Она грустно посмотрела на него, а потом повернулась к морю.

Теперь он вспомнил. Она повела его к порту, на стоявший там корабль, вместе с ним поднялась по трапу и затолкала его в грузовой люк.

Потом она вылизала голову Мати быстрыми уверенными движениями.

— Разве не вчера только я могла носить тебя за загривок? Ты так быстро вырос…

— Куда я еду, Амма?

— Далеко, дитя мое.

— А ты разве не поедешь со мной?

— Я не могу покинуть это место. Моя судьба связана с ним. Однажды ты поймешь. Посмотри на меня.

Мати сердился и боялся, ему хотелось отвернуться, но устоять перед голосом матери было невозможно. Он помнил, как ее янтарные глаза, обведенные черными кругами, вспыхнули светом.

— Когда корабль пристанет к земле, беги с него на берег.
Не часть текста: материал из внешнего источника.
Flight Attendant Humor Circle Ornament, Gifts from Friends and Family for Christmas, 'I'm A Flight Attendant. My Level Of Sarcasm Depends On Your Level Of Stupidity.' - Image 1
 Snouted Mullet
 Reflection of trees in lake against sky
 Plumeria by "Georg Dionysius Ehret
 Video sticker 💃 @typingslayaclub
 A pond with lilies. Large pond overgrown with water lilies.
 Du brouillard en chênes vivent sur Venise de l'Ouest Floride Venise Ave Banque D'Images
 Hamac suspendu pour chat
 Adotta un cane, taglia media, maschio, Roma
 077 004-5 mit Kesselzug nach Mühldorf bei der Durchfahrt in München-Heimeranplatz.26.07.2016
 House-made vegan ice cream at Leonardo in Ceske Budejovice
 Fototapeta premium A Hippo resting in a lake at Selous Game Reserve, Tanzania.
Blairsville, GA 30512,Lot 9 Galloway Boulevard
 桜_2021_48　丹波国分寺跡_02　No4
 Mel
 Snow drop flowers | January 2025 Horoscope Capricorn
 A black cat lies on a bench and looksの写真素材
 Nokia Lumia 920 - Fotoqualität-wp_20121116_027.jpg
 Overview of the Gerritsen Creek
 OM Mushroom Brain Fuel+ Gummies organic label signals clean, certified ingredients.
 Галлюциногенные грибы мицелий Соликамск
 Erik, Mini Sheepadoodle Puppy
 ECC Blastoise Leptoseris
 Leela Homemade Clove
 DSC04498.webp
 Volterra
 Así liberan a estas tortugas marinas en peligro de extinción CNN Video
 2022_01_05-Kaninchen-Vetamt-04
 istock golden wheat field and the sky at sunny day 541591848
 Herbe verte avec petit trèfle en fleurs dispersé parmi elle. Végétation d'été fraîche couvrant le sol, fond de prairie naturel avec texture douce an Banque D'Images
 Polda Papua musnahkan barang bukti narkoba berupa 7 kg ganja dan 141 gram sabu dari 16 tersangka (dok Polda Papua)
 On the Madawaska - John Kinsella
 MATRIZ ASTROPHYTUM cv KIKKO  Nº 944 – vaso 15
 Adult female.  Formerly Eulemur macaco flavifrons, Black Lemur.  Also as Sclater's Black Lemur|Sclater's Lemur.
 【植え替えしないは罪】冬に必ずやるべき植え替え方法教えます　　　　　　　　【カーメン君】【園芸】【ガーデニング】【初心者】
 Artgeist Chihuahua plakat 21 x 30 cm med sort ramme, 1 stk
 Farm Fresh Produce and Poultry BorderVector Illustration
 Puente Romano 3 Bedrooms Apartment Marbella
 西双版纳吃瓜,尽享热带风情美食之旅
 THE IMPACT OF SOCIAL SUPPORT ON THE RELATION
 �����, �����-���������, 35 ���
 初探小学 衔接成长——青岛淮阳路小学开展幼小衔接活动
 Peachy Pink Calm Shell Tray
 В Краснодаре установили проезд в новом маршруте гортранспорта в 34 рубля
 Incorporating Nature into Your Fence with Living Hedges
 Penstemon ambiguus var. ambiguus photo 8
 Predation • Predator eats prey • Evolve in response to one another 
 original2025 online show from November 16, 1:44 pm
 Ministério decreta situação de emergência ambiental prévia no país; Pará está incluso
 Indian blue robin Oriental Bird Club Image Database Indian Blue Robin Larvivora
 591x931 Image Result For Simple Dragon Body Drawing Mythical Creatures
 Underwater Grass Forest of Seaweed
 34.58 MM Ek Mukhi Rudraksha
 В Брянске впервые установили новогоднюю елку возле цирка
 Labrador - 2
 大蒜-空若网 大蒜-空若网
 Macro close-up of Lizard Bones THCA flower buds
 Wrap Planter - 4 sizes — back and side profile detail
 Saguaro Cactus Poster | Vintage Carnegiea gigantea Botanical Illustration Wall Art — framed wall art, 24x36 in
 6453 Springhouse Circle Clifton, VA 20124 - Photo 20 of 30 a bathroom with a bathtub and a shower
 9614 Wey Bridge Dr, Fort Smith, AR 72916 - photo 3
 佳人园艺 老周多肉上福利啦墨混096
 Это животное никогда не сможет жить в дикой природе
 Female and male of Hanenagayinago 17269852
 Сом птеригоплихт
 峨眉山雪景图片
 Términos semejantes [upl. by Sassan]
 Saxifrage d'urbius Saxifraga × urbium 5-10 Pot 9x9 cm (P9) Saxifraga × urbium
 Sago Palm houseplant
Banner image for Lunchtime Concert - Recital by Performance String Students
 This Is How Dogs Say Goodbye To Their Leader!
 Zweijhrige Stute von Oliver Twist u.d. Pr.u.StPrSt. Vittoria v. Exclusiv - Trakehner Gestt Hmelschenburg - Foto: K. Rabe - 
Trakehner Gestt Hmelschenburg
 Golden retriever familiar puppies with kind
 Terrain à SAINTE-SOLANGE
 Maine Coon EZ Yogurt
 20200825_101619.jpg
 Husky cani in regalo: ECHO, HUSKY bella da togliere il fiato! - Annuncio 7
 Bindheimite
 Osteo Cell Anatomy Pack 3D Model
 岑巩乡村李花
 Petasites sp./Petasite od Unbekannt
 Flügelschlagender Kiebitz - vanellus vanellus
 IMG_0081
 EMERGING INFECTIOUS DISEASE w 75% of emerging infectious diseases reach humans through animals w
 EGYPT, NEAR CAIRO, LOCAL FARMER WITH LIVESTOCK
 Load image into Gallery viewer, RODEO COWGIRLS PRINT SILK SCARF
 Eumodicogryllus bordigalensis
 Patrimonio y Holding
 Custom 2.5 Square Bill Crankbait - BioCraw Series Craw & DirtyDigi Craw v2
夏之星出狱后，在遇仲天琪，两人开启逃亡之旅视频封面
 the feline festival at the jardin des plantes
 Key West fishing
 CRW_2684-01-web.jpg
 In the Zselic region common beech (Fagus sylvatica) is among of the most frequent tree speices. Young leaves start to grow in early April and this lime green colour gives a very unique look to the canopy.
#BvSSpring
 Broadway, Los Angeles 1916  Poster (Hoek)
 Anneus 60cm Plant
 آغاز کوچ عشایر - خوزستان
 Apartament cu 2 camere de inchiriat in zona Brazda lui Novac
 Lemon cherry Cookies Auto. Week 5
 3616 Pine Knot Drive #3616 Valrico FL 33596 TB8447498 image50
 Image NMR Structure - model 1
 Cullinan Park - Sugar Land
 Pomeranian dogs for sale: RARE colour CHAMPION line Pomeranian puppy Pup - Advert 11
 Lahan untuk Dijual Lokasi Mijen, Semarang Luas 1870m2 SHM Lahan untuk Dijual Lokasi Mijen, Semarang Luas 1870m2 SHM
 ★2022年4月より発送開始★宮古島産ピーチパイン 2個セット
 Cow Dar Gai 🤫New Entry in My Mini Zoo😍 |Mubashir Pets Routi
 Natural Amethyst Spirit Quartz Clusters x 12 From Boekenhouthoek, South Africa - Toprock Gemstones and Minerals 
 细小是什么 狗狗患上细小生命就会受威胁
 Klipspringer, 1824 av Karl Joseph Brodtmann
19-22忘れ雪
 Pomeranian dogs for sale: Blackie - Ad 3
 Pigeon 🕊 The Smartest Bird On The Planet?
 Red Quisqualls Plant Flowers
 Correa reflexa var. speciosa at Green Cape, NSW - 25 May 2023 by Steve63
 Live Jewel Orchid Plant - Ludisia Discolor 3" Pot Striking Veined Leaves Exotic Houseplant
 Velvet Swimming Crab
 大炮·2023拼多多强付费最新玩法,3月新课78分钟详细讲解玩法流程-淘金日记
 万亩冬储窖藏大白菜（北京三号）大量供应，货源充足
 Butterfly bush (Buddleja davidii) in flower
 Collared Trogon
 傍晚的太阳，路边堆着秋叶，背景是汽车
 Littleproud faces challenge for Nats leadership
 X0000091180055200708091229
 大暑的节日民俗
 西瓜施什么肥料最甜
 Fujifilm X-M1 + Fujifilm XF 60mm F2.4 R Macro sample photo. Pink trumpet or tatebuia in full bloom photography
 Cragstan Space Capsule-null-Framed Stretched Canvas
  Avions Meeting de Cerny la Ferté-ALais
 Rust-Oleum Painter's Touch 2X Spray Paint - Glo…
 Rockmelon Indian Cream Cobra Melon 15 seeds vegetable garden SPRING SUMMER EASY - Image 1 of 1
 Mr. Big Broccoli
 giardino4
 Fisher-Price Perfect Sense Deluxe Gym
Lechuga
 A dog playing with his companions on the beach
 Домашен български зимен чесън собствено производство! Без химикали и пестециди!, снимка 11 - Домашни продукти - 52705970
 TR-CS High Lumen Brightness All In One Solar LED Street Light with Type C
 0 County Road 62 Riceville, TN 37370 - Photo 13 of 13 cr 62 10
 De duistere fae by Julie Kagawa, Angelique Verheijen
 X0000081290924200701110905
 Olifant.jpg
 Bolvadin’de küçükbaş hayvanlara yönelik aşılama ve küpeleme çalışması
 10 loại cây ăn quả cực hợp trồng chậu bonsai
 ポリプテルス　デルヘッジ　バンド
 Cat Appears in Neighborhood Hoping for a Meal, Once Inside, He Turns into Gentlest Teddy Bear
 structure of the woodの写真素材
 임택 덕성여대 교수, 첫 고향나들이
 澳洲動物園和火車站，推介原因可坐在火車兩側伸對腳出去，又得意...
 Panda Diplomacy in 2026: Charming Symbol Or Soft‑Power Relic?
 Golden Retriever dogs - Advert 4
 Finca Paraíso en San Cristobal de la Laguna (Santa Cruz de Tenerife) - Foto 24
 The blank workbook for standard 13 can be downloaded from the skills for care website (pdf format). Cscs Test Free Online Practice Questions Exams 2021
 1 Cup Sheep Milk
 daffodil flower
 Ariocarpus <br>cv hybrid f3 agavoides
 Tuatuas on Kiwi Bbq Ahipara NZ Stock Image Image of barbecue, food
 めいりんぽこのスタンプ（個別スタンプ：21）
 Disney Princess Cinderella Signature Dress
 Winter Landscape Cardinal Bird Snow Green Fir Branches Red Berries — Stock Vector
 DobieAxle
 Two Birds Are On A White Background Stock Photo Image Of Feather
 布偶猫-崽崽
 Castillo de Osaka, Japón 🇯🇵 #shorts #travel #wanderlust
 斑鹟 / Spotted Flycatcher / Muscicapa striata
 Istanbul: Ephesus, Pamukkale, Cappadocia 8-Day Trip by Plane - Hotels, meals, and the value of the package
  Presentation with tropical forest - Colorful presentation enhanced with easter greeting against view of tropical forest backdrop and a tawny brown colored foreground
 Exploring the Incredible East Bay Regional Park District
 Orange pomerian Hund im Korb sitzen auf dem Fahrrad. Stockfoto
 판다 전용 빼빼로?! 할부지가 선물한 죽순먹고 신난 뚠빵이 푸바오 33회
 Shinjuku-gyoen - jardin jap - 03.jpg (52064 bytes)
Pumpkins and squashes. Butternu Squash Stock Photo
А до тех пор прячься, никто не должен тебя заметить.

— А что потом, Амма, что потом?

— Потом, сынок, ты останешься по-настоящему один и будешь следовать своим ощущениям, чтобы начать новую жизнь в совсем другом мире. И пусть у тебя будут три опоры…

— Амма, пожалуйста, не бросай меня!

— Я всегда буду рядом. Посмотри на заходящее солнце, и найдешь меня.

— Амма, подожди!

Но она уже умчалась вниз по трапу и исчезла в темноте. Корабль отошел от берега.

От этих воспоминаний хвост Мати бессильно упал, а в груди заболело. Подняв голову, он увидел Воробья и котят, выжидающе смотревших на него. Он совсем не хотел говорить о матери и потому промолчал.

— А теперь скажи мне, Мати, ты был уже чьим-нибудь владельцем? — к его облегчению, заговорил Воробей.

Мати понял, что Воробей упоминает о странном, но древнем обычае сожительства кошек с людьми, когда кошка жила рядом с образованным человеком, батраком, и владела им. Владелица дарила человеку покой и оберегала его, а тот в ответ кормил ее и давал жилище, и кошки иногда называли такие отношения «взаимным владением», потому что человек почему-то считал себя хозяином кошки. Мати помнил что-то о таких договорах, но сам ни с кем не был связан.

— Не думаю, чтобы я когда-то кем-то владел, сэр. Не то чтобы мне не нравились батраки, но не могу припомнить, чтобы я о ком-то заботился.

— А, хорошо, — кивнул Воробей. — И я тебе объясню почему. Сядь, юный Мати, и я… ну, как бы должен… наверное, ребята тебе объяснили, что мы — из породы кошачьих, но… как это… мы — одичавшие кошки. Ты понимаешь, что это значит?

Мати покачал головой. По правде говоря, ему трудно было уловить мысли Воробья, уж очень много поворотов было в его предложениях, прямо как в туннелях, что вели к его дому.

— Ну, я, наверное, не из самых языкастых кошачьих, чтобы суметь объяснить это тебе, но в основном это значит, что мы не имеем батраков. Не потому, что мы, так сказать, их не любим. Мы живем рядом с ними вполне мирно, на рынке и… ну, так сказать, по большей части. Нет, тут скорее дело в том, что нам нравится жить здесь по-своему, а владеть кем-то — это утомительная обуза.